The slurry contained about 72% minus 325 mesh, and it was not deslimed at the plant site before
flotation due to its ease of cleaning. The slurry contained minor amounts of frother since it was
obtained from the cyclone overflow sump where frother was first introduced before flotation.
Most of the samples did not undergo further processing before being utilized. In order to vary the
solids content for testing, the buckets of slurry were allowed to sit until the solids settled and
water could be decanted. Chemicals such as flocculants or coagulants were not added to speed
settling because they would interfere with the oil agglomeration process. Three solid contents
were used for the extraction by shaking tests, i.e., the original solids content, 15%, and 30%. In
order to prevent oxidation, bucket samples were used within a few weeks. Samples that were not
used immediately were stored in sealed metal drums.
Two other samples were prepared from the original minus 100 mesh Tom’s Creek
flotation feed.

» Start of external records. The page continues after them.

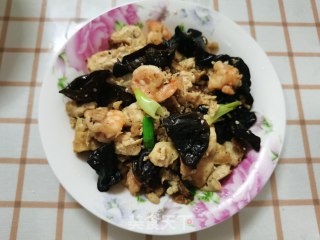 虾仁豆腐的做法步骤：13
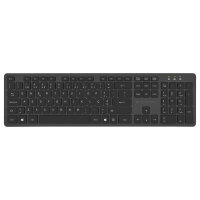 CONCEPTRONIC Wireless Keyboard+Mouse,Layout portugiesisch sw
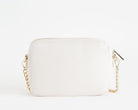 Borsa a tracolla Marc Ellis Peyton MF Donna Milk – Vista posteriore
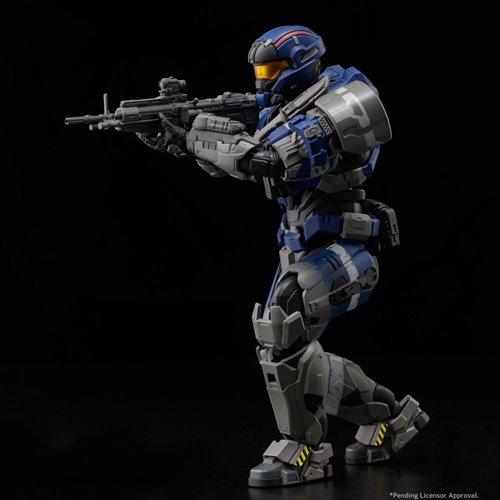 Halo: Reach RE:EDIT Carter-A259 Noble One 1:12 Scale Exclusive Edition Re-Release Action Figure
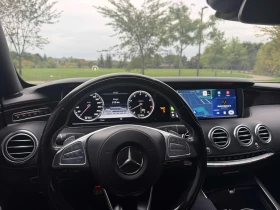 Mercedes-Benz S 550 Amg-pack* Brum* 360* Шибидах* Обдух* Подгрев* , снимка 7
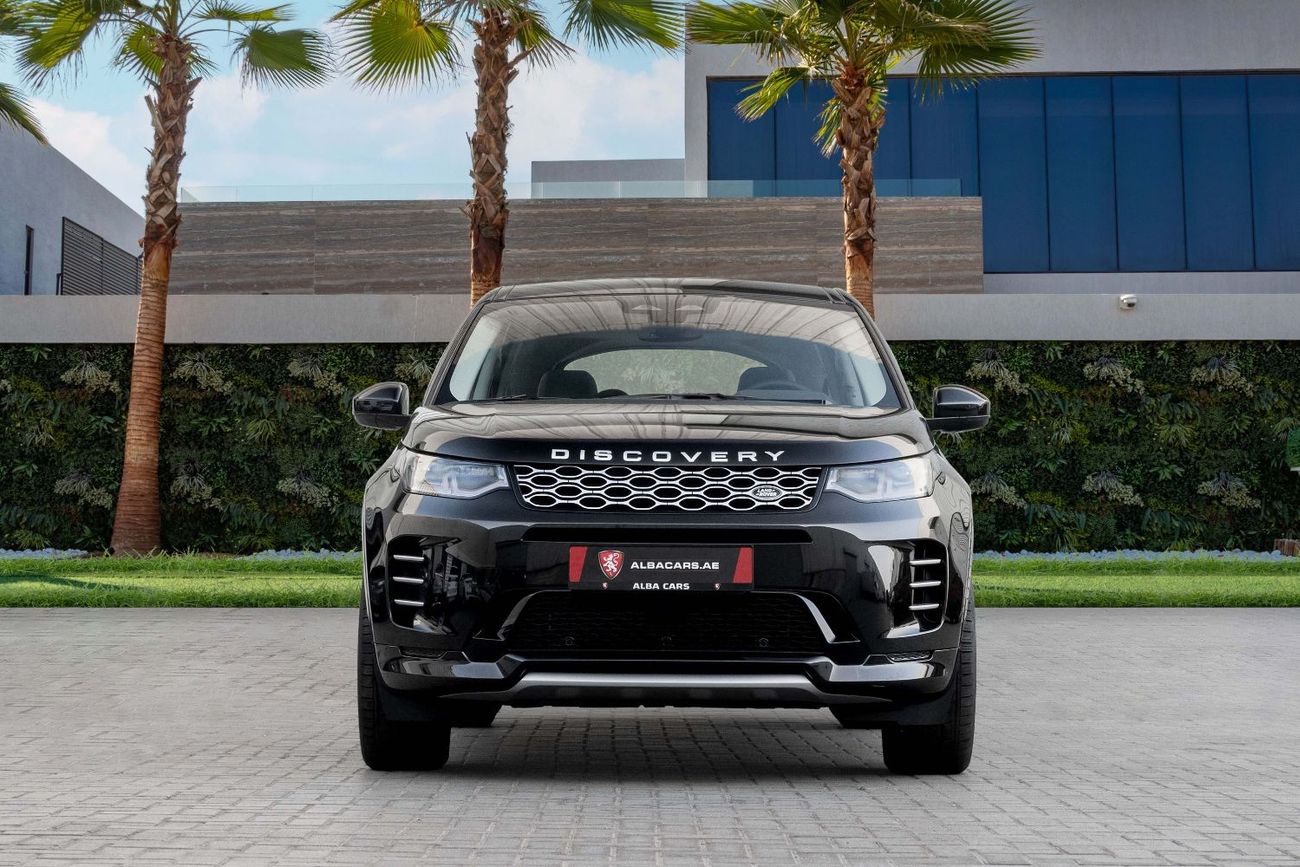لاند روفر دسكفري سبورت Dynamic SE P250 | 3,623 P.M  | 0% Downpayment | Excellent Condition!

One bucket was wet screened at 325 mesh, and the 325 mesh x 0 product was used
in order to evaluate the dewatering ability of oil agglomeration on slime. It was only used for the
extraction by shaking method. The second sample was used only for dewatering by
centrifugation. Though it remained a 100 mesh x 0 sample, it only contained about 28% minus
325 mesh material. The sample was created by screening the feed to remove all of the minus 325
mesh ultrafines. Some of the original unscreened feed was then mixed back into the new,
screened agglomeration feed. The final feed sample was about 6.1% solids.
Since previous hydrophobic displacement testing at Virginia Tech was performed on dry
coal, a dry coal sample was also prepared. The coal originated from the clean coal stockpile at
Tom’s Creek Preparation Plant in Coeburn, Virginia. The ¼” coal was ground using a pulverizer.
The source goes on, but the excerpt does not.